• [Your objective]: When you return the entries, keep every word and mark exactly as it is.

Records excerpted from a collection
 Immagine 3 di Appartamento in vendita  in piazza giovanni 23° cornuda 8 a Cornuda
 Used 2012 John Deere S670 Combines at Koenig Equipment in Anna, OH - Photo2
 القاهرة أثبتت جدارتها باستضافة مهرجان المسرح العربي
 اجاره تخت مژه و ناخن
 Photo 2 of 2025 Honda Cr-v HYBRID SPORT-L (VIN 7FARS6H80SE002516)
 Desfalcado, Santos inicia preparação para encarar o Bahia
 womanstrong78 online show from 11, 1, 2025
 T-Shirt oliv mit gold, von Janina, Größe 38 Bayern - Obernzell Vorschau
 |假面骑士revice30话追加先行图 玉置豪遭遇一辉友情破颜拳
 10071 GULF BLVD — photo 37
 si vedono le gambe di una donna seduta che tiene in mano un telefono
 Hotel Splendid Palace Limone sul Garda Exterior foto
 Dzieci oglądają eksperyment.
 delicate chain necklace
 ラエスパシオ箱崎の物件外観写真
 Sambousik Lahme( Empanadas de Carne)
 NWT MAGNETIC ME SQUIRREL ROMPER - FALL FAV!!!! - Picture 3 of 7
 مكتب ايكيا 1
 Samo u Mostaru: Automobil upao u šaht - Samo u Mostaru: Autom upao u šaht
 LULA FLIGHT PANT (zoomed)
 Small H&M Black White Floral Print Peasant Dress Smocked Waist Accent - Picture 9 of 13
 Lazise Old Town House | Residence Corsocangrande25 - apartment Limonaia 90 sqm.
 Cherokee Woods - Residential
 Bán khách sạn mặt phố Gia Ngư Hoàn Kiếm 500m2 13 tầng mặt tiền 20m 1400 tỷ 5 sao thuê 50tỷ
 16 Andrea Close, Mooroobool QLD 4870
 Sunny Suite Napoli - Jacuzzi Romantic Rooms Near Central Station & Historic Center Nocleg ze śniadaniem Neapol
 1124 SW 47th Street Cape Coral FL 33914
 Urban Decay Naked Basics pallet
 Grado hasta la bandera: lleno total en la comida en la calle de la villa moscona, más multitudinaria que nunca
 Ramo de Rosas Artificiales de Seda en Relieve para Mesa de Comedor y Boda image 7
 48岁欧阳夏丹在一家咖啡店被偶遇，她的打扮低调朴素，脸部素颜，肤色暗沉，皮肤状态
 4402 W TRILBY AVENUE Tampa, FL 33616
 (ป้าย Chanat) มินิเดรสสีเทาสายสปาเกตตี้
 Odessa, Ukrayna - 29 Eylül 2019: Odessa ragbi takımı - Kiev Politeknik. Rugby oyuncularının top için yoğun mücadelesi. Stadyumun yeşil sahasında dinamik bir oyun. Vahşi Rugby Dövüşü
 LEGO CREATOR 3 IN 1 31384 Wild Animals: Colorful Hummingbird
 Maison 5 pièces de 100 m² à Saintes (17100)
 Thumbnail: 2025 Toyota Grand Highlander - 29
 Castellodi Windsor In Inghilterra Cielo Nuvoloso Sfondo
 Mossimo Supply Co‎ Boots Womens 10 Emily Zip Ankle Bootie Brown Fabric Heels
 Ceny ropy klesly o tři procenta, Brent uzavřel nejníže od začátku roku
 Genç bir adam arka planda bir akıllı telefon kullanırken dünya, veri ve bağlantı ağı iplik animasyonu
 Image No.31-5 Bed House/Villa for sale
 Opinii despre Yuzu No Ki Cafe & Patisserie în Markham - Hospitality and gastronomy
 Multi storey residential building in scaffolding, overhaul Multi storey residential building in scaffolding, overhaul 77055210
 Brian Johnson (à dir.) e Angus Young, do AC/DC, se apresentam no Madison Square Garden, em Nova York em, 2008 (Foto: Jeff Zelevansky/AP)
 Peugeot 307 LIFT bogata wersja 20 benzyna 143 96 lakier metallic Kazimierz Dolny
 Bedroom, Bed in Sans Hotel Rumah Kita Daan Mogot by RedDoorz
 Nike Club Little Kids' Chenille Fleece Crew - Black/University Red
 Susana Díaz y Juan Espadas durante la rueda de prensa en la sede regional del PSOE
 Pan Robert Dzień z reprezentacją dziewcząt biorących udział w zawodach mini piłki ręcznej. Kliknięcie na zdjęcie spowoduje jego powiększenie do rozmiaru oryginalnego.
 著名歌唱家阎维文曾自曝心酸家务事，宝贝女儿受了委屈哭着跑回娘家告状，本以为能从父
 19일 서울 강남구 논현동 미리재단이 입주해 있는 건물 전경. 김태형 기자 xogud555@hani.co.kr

• [Solution to this exercise]:
 Immagine 3 di Appartamento in vendita  in piazza giovanni 23° cornuda 8 a Cornuda
 Used 2012 John Deere S670 Combines at Koenig Equipment in Anna, OH - Photo2
 القاهرة أثبتت جدارتها باستضافة مهرجان المسرح العربي
 اجاره تخت مژه و ناخن
 Photo 2 of 2025 Honda Cr-v HYBRID SPORT-L (VIN 7FARS6H80SE002516)
 Desfalcado, Santos inicia preparação para encarar o Bahia
 womanstrong78 online show from 11, 1, 2025
 T-Shirt oliv mit gold, von Janina, Größe 38 Bayern - Obernzell Vorschau
 |假面骑士revice30话追加先行图 玉置豪遭遇一辉友情破颜拳
 10071 GULF BLVD — photo 37
 si vedono le gambe di una donna seduta che tiene in mano un telefono
 Hotel Splendid Palace Limone sul Garda Exterior foto
 Dzieci oglądają eksperyment.
 delicate chain necklace
 ラエスパシオ箱崎の物件外観写真
 Sambousik Lahme( Empanadas de Carne)
 NWT MAGNETIC ME SQUIRREL ROMPER - FALL FAV!!!! - Picture 3 of 7
 مكتب ايكيا 1
 Samo u Mostaru: Automobil upao u šaht - Samo u Mostaru: Autom upao u šaht
 LULA FLIGHT PANT (zoomed)
 Small H&M Black White Floral Print Peasant Dress Smocked Waist Accent - Picture 9 of 13
 Lazise Old Town House | Residence Corsocangrande25 - apartment Limonaia 90 sqm.
 Cherokee Woods - Residential
 Bán khách sạn mặt phố Gia Ngư Hoàn Kiếm 500m2 13 tầng mặt tiền 20m 1400 tỷ 5 sao thuê 50tỷ
 16 Andrea Close, Mooroobool QLD 4870
 Sunny Suite Napoli - Jacuzzi Romantic Rooms Near Central Station & Historic Center Nocleg ze śniadaniem Neapol
 1124 SW 47th Street Cape Coral FL 33914
 Urban Decay Naked Basics pallet
 Grado hasta la bandera: lleno total en la comida en la calle de la villa moscona, más multitudinaria que nunca
 Ramo de Rosas Artificiales de Seda en Relieve para Mesa de Comedor y Boda image 7
 48岁欧阳夏丹在一家咖啡店被偶遇，她的打扮低调朴素，脸部素颜，肤色暗沉，皮肤状态
 4402 W TRILBY AVENUE Tampa, FL 33616
 (ป้าย Chanat) มินิเดรสสีเทาสายสปาเกตตี้
 Odessa, Ukrayna - 29 Eylül 2019: Odessa ragbi takımı - Kiev Politeknik. Rugby oyuncularının top için yoğun mücadelesi. Stadyumun yeşil sahasında dinamik bir oyun. Vahşi Rugby Dövüşü
 LEGO CREATOR 3 IN 1 31384 Wild Animals: Colorful Hummingbird
 Maison 5 pièces de 100 m² à Saintes (17100)
 Thumbnail: 2025 Toyota Grand Highlander - 29
 Castellodi Windsor In Inghilterra Cielo Nuvoloso Sfondo
 Mossimo Supply Co‎ Boots Womens 10 Emily Zip Ankle Bootie Brown Fabric Heels
 Ceny ropy klesly o tři procenta, Brent uzavřel nejníže od začátku roku
 Genç bir adam arka planda bir akıllı telefon kullanırken dünya, veri ve bağlantı ağı iplik animasyonu
 Image No.31-5 Bed House/Villa for sale
 Opinii despre Yuzu No Ki Cafe & Patisserie în Markham - Hospitality and gastronomy
 Multi storey residential building in scaffolding, overhaul Multi storey residential building in scaffolding, overhaul 77055210
 Brian Johnson (à dir.) e Angus Young, do AC/DC, se apresentam no Madison Square Garden, em Nova York em, 2008 (Foto: Jeff Zelevansky/AP)
 Peugeot 307 LIFT bogata wersja 20 benzyna 143 96 lakier metallic Kazimierz Dolny
 Bedroom, Bed in Sans Hotel Rumah Kita Daan Mogot by RedDoorz
 Nike Club Little Kids' Chenille Fleece Crew - Black/University Red
 Susana Díaz y Juan Espadas durante la rueda de prensa en la sede regional del PSOE
 Pan Robert Dzień z reprezentacją dziewcząt biorących udział w zawodach mini piłki ręcznej. Kliknięcie na zdjęcie spowoduje jego powiększenie do rozmiaru oryginalnego.
 著名歌唱家阎维文曾自曝心酸家务事，宝贝女儿受了委屈哭着跑回娘家告状，本以为能从父
 19일 서울 강남구 논현동 미리재단이 입주해 있는 건물 전경. 김태형 기자 xogud555@hani.co.kr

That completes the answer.